=== Provided material ===

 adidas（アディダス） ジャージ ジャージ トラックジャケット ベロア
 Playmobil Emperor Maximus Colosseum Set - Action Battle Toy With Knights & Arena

===
=== Provided material ===

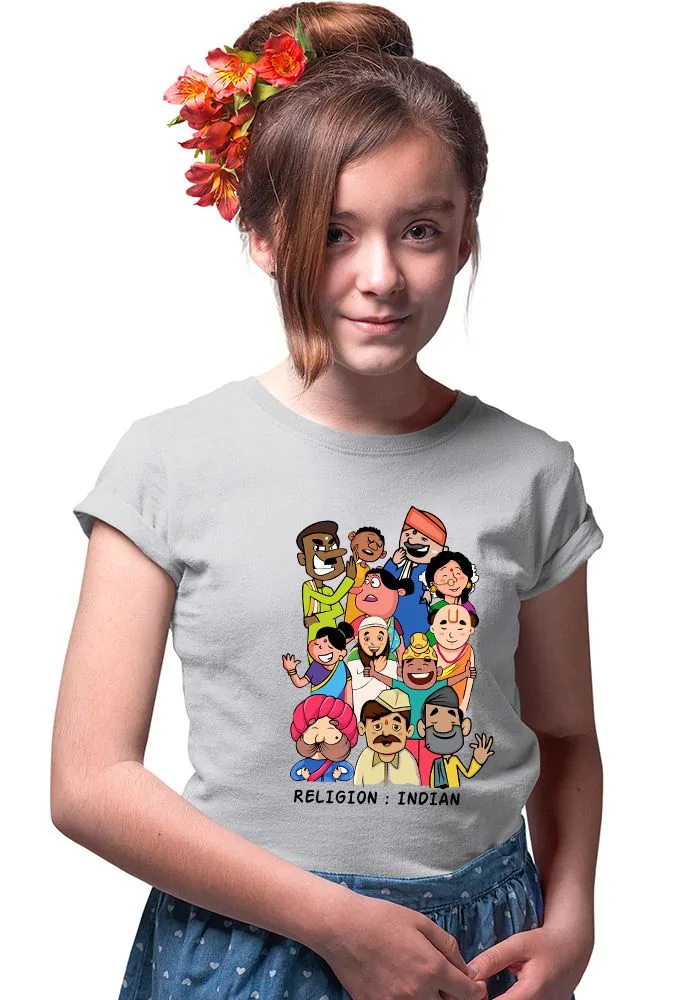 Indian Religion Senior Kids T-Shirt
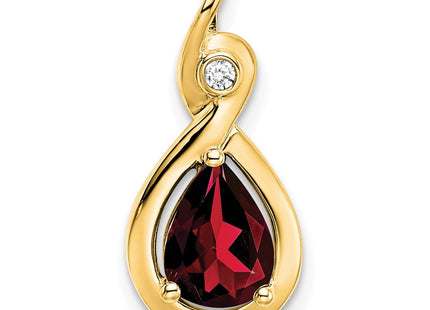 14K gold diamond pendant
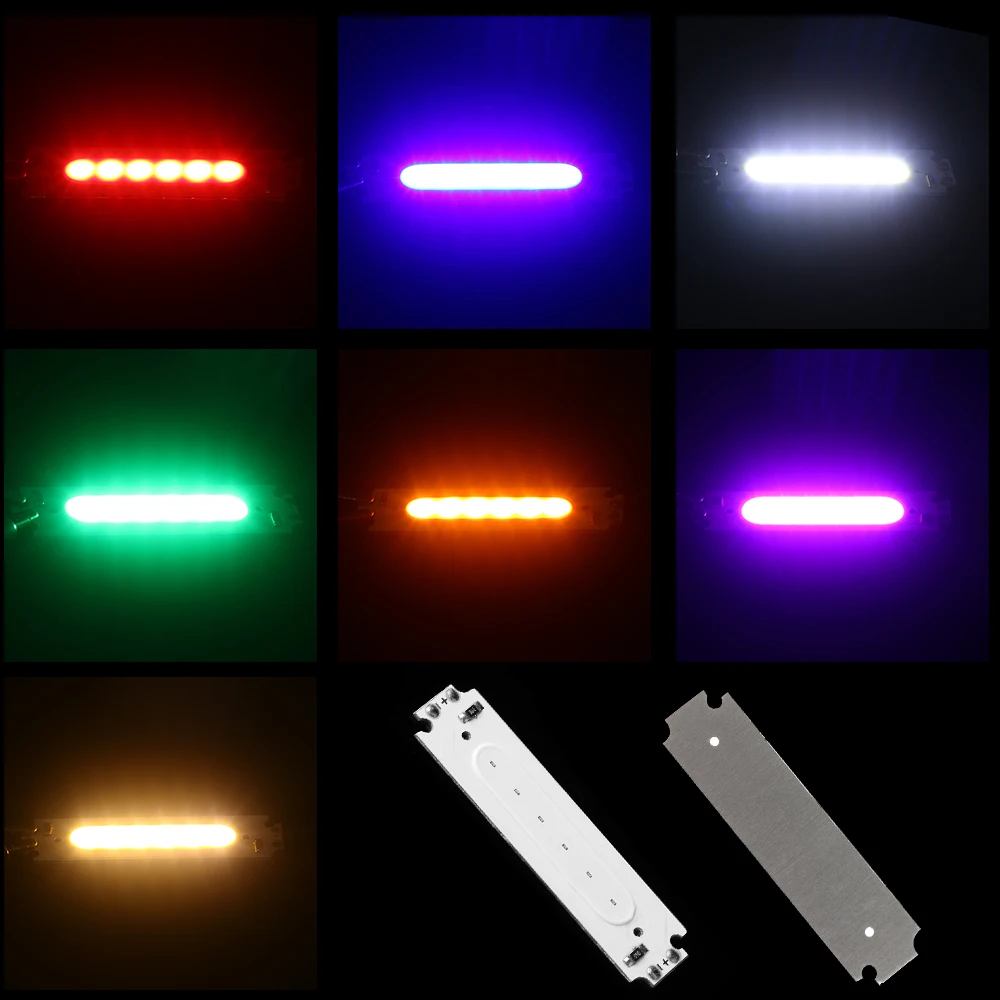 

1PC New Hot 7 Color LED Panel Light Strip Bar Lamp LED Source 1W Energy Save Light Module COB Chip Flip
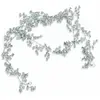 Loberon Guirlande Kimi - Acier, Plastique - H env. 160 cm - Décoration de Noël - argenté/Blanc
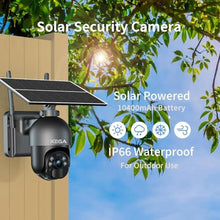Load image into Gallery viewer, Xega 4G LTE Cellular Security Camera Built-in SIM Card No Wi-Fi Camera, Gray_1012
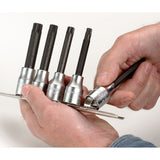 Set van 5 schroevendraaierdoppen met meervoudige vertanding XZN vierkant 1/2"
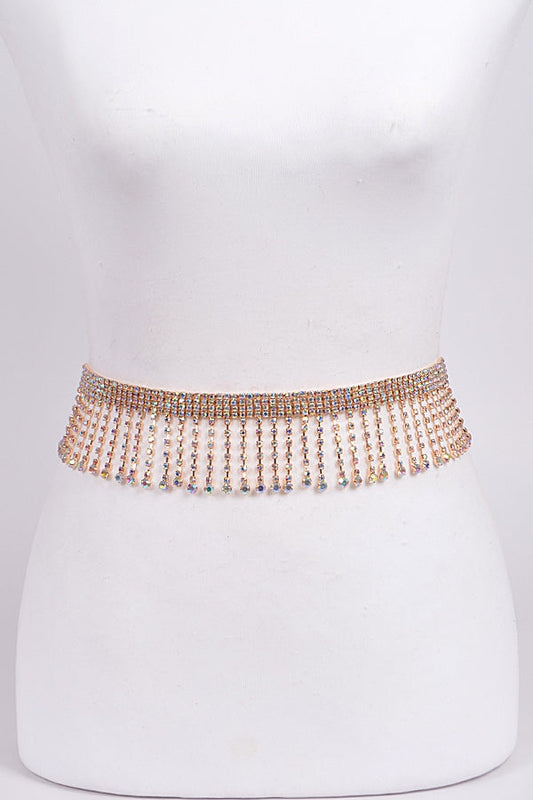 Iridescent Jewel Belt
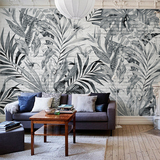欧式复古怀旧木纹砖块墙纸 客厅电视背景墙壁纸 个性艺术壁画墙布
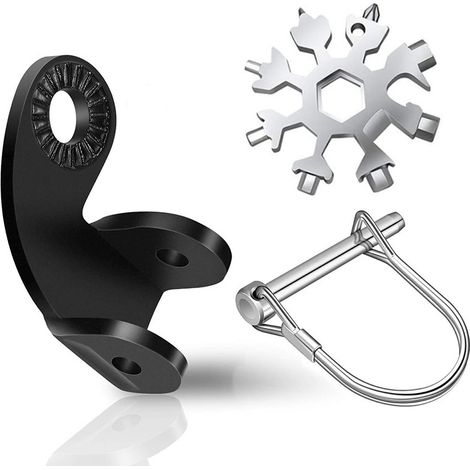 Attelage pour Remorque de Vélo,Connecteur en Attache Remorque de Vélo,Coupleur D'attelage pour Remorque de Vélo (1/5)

===
=== Provided material ===

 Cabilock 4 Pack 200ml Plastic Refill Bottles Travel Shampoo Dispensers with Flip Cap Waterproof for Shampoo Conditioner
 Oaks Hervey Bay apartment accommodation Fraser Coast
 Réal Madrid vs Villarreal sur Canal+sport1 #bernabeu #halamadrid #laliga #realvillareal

===

> **Required action**
Your answer must consist solely of the lines above between the line holding "adidas（アディダス） ジャージ ジャージ トラックジャケット ベロア" and the line holding "Playmobil Emperor Maximus", inclusive, copied exactly.

> **Answer to the exercise**
 adidas（アディダス） ジャージ ジャージ トラックジャケット ベロア
 Playmobil Emperor Maximus Colosseum Set - Action Battle Toy With Knights & Arena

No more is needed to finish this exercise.